Canadian Food Inspection Agency (CFIA) food microbiology testing programs primarily targeting Salmonella enterica, Listeria monocytogenes, and Shiga toxin-producing Escherichia coli (STEC) now routinely include WGS analysis of bacterial isolates using bioinformatics workflows such as the GeneSeekr pipeline (Carrillo et al., 2020) which incorporates modules for phylogenetic, virulence, serotype and AMR markers for hazard characterization, sub-typing analysis for trace-back investigations, and quality control features to ensure that sequence data meets quality and purity (Low et al., 2019) criteria for the intended purpose. Broadly speaking, the types of analytical objectives for bioinformatics in the context of regulatory food microbiology fall into two categories: (1) gene marker discovery (e.g., virulence and AMR gene determination) and (2) high resolution typing (e.g., SNPs, cg/wgMLST, etc.).

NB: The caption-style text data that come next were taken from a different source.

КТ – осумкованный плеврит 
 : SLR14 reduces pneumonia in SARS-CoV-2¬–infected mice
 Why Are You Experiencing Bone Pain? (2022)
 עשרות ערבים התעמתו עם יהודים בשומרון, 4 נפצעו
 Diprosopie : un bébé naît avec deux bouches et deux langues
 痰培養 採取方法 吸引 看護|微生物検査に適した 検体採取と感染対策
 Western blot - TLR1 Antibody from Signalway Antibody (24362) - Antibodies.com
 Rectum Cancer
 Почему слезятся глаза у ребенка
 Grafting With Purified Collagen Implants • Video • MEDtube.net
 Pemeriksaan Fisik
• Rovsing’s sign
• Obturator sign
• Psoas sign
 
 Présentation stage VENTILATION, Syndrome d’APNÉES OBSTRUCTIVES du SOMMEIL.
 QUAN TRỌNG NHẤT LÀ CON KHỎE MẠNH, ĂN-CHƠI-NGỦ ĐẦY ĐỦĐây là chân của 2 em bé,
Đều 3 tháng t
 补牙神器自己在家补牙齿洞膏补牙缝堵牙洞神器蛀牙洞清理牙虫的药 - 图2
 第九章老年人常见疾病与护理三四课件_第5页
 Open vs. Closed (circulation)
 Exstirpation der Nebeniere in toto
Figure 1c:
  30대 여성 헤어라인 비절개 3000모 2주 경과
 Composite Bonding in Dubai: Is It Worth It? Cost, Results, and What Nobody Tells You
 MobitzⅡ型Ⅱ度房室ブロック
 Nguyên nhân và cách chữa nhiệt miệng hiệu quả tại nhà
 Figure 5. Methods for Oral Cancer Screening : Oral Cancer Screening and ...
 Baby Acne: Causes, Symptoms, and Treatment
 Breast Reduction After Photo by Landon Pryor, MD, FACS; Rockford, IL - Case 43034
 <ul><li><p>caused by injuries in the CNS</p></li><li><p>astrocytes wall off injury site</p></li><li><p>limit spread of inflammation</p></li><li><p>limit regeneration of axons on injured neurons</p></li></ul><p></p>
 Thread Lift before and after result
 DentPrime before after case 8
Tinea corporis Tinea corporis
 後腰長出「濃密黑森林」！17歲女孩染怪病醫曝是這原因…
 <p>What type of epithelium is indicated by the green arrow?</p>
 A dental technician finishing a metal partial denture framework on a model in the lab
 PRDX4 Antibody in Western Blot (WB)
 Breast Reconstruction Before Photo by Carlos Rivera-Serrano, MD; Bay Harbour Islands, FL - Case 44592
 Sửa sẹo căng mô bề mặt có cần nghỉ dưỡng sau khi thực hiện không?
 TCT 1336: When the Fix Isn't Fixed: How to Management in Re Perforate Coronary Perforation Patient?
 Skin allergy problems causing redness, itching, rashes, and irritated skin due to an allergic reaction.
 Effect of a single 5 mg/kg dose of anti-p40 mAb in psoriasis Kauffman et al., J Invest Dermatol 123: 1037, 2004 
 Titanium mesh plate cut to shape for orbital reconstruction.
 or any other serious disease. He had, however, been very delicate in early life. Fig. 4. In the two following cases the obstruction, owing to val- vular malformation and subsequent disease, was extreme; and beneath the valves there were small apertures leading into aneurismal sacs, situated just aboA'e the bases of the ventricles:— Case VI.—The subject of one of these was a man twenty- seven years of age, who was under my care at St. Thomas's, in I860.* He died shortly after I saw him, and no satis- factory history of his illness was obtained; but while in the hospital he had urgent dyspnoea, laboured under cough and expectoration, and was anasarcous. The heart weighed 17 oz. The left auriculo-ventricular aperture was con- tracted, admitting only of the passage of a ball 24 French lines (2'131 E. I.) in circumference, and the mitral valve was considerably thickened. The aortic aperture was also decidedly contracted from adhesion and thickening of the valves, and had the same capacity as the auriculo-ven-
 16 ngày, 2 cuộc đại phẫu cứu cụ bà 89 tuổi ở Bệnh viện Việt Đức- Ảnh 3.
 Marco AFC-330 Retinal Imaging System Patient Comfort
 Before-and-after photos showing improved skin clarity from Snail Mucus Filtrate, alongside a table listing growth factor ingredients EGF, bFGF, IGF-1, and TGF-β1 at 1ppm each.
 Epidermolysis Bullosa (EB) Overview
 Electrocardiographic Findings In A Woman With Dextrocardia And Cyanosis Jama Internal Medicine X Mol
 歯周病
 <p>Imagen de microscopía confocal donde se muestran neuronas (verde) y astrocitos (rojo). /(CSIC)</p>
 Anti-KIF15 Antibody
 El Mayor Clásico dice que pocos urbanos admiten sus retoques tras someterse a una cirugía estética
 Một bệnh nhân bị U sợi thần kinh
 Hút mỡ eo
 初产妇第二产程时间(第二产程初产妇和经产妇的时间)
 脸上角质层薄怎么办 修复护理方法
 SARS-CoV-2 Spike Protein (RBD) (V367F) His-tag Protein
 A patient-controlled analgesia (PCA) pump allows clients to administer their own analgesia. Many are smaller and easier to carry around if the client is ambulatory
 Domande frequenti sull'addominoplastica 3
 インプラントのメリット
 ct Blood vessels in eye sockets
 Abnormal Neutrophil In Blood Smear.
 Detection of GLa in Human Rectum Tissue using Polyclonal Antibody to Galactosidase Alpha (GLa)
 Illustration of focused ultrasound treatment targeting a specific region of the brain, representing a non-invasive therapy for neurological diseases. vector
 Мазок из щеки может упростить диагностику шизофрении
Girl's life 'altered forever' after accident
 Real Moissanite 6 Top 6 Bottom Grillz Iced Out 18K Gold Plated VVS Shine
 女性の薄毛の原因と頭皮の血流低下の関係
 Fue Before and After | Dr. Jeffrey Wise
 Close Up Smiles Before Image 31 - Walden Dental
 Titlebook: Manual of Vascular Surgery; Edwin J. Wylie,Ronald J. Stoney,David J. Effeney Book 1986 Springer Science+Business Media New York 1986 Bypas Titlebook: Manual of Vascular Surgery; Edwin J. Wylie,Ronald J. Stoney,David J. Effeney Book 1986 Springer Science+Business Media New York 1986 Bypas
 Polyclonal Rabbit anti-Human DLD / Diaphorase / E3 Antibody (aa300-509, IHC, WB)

Why Genomic Analyses Are Different

In the implementation of any novel technology for regulatory purposes, important considerations such as harmonization, validation and quality assurance need to be addressed. WGS technologies pose unique challenges in part due to their reliance on bioinformatics for data processing and interpretation. Bioinformatics tools and analytical applications may vary due to (1) differences in local needs, (2) individual-specific approaches to the development of algorithms and bioinformatics workflows, (3) variable and site-specific nature of computers, their environments and dependencies (Tong et al., 2015; Lambert et al., 2017). Thus, these types of analytical methods are not amenable to conventional prescriptive approaches for tabling test protocols and validating their performance characteristics to meet national MMC, (Microbiological Methods Committee., 2011, 2016) and international (International Organization for Standardization, Association Française de Normalization, Association of Official Analytical Chemists, etc.) guidelines, which were developed for traditional “wet lab” methods where all aspects of reagents, materials and conditions can be standardized and controlled to ensure consistency and reproducibility among different users.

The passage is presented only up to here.